What the task requires
Beginning with the line that holds "LA SPORTIVA Dámske" and finishing with the line that holds "Menu Vibrante Cardápio", repeat the listing exactly, leaving every picture out.

Data for analysis
·····
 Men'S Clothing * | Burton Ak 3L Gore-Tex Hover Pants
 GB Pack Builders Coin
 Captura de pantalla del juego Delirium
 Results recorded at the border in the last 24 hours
·····
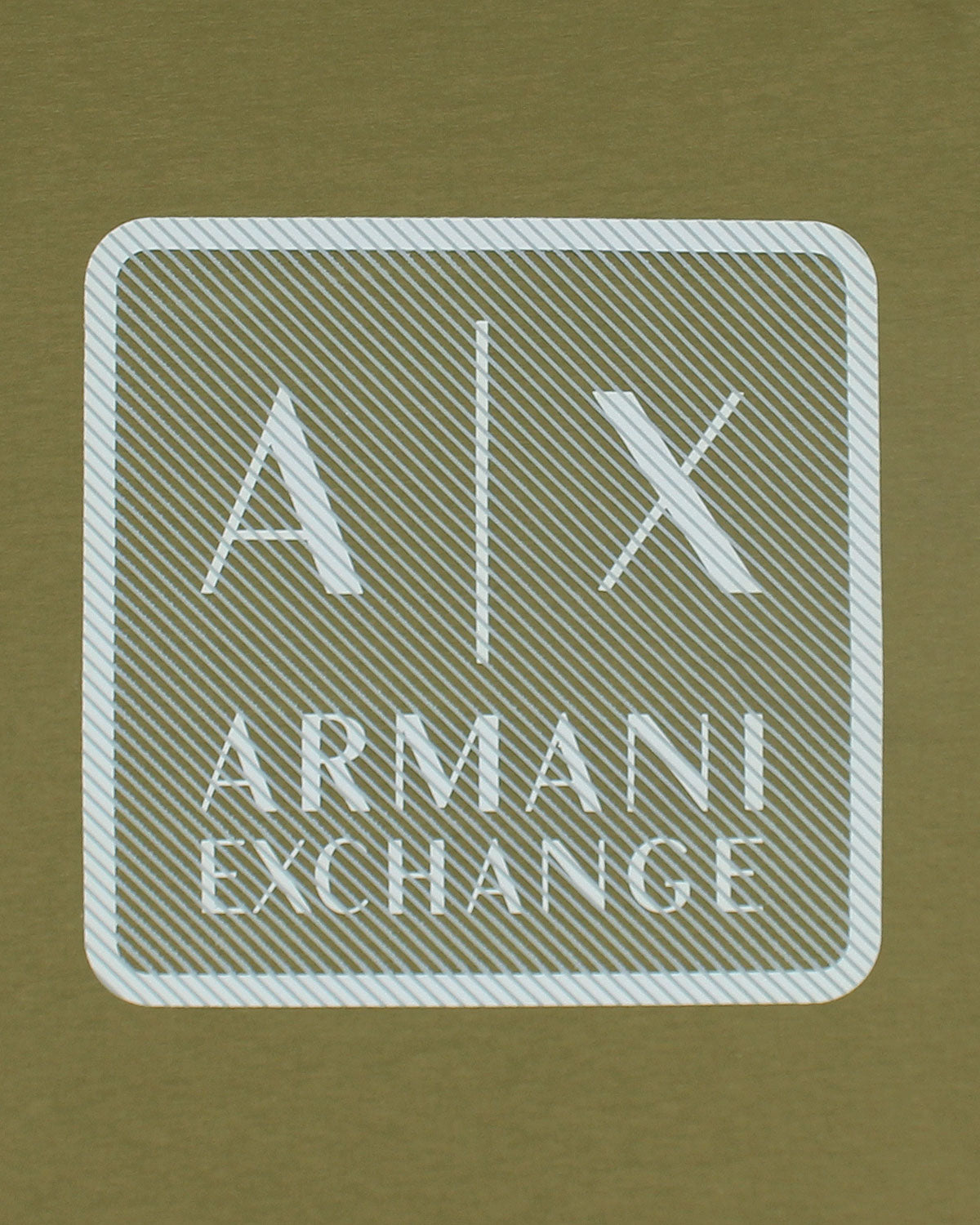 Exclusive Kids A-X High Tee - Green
·····
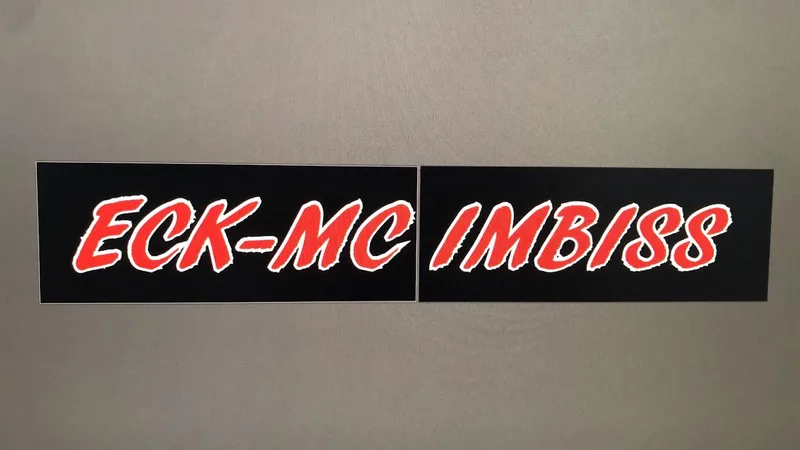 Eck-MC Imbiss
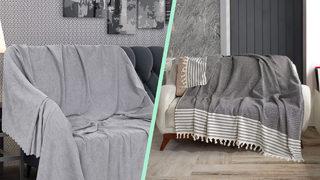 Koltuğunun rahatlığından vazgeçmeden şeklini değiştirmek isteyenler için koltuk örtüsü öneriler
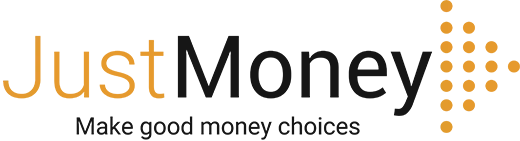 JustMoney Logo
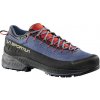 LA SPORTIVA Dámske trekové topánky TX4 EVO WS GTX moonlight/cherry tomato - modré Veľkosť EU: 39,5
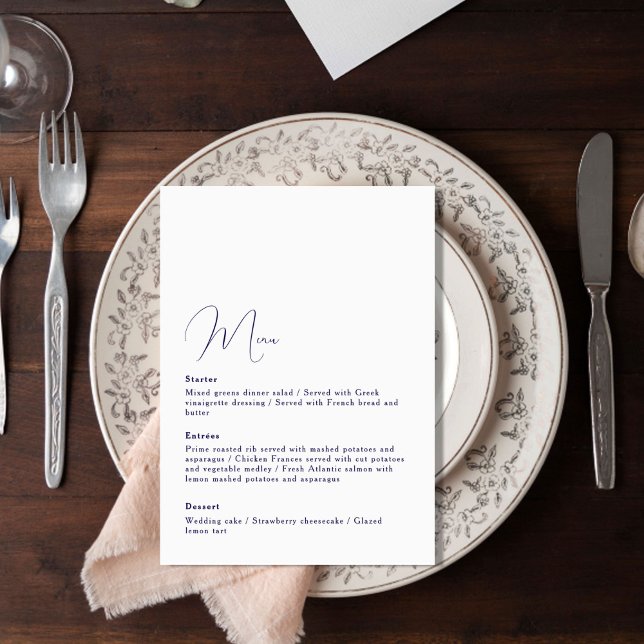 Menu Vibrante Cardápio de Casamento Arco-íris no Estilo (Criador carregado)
·····
Written answer
 LA SPORTIVA Dámske trekové topánky TX4 EVO WS GTX moonlight/cherry tomato - modré Veľkosť EU: 39,5
 Menu Vibrante Cardápio de Casamento Arco-íris no Estilo (Criador carregado)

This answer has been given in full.